Just by doing nothing at all, it grew, and it had... it grew into 100 different parts.
Mr. Olson: If it reproduces itself, Justice Kennedy, somewhere outside the United States--
Justice Kennedy: Right.
Mr. Olson: --What you're suggesting is that there is a pattern or a recipe or a template or a mold.
It could be the same thing.
If it's reproduced outside the United States by some laboratory outside the United States, then the components are not being sent from the United States for reassembly abroad.
Justice Alito: Isn't this an artificial distinction in... when you're talking about the making of a tangible part, there's at least some cost involved in doing it here or doing it abroad, and some time involved.
But with, with software, the Federal Circuit's point was that it is so easy and inexpensive and fast to copy it that simply sending the information abroad, sending the object code abroad in the form of the golden disk, is tantamount to manufacturing copies overseas.
Mr. Olson: I think there are three answers to that.
Surely the patent laws cannot be determined according to whether it's easy or fast or efficient to replicate something.
There has to be a line that makes some sense.
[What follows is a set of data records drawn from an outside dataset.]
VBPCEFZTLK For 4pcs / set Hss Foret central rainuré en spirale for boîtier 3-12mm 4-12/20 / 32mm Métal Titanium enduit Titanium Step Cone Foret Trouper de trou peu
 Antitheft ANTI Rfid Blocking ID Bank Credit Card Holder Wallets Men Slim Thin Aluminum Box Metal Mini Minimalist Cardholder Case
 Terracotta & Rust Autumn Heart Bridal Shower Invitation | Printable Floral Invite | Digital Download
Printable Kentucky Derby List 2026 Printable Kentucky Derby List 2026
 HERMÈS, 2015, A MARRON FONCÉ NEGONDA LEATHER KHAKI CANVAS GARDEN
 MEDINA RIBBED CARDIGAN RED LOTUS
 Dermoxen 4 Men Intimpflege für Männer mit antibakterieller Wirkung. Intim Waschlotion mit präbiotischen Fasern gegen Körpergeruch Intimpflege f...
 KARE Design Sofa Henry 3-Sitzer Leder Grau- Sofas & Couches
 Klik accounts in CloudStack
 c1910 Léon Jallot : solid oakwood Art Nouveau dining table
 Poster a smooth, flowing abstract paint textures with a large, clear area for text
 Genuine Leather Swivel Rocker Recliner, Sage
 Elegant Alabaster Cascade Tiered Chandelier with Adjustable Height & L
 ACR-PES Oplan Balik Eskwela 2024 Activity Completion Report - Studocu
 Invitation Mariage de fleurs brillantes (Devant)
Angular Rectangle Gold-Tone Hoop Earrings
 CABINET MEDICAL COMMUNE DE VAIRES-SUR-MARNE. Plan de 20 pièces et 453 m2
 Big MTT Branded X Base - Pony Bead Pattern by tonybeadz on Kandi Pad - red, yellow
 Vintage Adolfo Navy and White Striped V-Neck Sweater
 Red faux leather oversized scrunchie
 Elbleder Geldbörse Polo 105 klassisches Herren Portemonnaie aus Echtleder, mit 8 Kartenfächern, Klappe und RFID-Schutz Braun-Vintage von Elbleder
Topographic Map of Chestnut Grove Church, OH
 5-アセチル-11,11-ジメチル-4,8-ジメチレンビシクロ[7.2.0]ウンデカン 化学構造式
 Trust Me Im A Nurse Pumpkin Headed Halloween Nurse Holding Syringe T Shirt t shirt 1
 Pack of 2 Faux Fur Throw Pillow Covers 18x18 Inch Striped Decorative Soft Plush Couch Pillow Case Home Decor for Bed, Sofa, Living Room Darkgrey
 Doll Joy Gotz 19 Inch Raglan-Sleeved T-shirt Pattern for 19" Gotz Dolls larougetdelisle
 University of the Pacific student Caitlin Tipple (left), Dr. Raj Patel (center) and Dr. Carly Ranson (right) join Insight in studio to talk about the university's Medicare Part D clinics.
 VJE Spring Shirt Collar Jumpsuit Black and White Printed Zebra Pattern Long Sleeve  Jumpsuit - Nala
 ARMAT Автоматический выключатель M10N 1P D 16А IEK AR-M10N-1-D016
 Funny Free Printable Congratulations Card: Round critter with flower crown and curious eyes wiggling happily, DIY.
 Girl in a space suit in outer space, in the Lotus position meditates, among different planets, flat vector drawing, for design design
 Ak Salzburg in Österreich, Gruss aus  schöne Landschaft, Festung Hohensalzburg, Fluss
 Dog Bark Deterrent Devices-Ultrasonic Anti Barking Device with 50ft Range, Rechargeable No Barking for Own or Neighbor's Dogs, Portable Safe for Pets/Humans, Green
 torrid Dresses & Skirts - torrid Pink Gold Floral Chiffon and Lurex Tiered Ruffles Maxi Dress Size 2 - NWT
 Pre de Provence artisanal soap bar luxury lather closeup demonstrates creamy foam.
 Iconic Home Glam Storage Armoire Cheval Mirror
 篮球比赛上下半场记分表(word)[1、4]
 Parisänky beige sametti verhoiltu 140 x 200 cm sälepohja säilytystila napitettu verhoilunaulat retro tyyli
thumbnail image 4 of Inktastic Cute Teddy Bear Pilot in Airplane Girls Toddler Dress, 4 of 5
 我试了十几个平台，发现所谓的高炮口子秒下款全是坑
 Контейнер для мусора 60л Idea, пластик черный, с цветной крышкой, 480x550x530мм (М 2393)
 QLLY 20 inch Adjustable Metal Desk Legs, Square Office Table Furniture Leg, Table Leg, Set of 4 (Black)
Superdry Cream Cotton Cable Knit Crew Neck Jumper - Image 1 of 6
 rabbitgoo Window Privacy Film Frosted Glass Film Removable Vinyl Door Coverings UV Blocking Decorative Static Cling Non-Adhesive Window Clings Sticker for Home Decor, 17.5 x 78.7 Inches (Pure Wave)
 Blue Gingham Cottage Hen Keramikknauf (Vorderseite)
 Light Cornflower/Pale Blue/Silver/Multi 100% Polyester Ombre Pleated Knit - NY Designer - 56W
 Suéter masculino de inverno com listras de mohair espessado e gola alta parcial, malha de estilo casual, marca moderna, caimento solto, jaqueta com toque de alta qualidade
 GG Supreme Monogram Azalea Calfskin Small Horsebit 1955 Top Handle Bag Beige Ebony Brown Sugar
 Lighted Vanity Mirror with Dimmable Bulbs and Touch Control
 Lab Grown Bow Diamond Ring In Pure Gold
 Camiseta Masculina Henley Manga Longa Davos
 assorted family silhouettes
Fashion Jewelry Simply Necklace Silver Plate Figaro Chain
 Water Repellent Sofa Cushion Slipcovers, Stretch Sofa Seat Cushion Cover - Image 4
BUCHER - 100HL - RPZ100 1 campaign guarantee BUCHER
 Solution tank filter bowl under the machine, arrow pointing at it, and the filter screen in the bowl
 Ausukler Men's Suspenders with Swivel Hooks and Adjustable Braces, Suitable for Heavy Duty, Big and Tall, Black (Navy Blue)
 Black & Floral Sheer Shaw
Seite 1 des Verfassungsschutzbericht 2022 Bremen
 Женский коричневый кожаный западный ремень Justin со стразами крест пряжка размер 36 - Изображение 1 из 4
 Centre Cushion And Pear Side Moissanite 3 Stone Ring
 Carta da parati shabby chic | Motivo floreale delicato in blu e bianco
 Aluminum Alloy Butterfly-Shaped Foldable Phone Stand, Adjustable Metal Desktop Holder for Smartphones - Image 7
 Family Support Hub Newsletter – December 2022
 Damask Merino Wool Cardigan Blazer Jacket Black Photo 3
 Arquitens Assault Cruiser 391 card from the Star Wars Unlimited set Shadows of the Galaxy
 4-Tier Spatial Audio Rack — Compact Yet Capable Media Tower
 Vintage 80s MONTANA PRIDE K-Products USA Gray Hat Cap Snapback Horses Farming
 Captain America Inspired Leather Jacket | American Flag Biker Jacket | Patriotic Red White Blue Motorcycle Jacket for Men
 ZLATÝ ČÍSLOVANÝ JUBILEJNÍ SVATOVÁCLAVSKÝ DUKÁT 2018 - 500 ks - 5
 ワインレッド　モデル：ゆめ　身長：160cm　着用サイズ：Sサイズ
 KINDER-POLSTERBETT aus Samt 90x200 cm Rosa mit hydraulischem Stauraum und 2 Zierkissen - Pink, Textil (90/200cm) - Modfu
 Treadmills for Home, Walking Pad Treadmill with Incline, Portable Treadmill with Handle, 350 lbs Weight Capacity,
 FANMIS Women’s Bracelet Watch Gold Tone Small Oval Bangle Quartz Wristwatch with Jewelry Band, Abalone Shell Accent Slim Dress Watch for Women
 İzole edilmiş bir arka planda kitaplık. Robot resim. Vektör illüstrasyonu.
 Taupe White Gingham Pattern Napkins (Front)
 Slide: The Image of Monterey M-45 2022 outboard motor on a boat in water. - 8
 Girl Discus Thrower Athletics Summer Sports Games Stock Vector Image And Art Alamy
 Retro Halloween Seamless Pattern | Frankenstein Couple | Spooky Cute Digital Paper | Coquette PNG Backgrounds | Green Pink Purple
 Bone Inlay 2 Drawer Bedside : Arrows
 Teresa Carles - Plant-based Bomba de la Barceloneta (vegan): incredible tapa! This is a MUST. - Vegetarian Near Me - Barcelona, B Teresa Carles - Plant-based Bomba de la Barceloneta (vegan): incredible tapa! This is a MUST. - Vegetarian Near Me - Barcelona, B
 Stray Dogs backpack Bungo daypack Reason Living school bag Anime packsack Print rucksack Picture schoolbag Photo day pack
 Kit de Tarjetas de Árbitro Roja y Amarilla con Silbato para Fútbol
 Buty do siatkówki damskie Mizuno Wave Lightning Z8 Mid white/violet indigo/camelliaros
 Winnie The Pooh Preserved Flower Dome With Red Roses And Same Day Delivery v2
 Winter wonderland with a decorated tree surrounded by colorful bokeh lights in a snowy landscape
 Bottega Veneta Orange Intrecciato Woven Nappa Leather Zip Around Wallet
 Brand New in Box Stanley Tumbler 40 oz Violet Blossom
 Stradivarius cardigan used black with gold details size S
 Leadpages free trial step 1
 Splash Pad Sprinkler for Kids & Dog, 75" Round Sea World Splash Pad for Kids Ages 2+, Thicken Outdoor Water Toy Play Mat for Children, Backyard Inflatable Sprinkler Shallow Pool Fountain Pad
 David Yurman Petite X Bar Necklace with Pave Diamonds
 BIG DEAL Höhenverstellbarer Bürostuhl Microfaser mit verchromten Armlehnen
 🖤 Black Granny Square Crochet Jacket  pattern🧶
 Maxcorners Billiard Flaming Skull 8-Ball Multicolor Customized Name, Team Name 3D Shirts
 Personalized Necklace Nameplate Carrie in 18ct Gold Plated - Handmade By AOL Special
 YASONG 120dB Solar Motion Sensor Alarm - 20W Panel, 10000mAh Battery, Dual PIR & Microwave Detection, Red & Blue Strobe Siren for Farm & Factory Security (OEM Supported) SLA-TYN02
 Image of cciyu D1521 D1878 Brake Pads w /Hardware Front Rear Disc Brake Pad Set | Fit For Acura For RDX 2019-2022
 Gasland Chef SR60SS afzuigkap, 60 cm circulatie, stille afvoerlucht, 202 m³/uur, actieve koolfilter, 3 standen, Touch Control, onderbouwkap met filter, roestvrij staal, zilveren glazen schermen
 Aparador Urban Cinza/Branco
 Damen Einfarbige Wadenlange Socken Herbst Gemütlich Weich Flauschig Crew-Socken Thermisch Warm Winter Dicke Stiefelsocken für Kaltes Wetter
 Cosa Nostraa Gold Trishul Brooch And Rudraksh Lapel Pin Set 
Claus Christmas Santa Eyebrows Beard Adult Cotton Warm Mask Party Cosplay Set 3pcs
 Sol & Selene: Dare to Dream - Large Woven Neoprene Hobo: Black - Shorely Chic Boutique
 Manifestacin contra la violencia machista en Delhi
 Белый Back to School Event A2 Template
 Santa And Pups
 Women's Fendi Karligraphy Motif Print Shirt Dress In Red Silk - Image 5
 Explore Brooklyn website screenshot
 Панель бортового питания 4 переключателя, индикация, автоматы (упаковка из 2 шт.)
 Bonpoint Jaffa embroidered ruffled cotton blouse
Number two, it may be fast and efficient but there are certainly costs involved in taking the machines to do it.
Number three, where would that take us?
A design... every product contains its own manifestation of its design.
That would take us everywhere, because any product can be copied abroad.
However... and maybe there are going to be fast ways to produce other things.
These are replicas, reproductions, copies.
These are not such components that are supplied from the United States.
If I may reserve the balance of my time?
Justice Stevens: Mr. Joseffer.
Argument of Daryl Joseffer
Mr. Joseffer: Justice Stevens, and may it please the Court:
It might help if I could start by putting this case into its context in both the United States and international patent law.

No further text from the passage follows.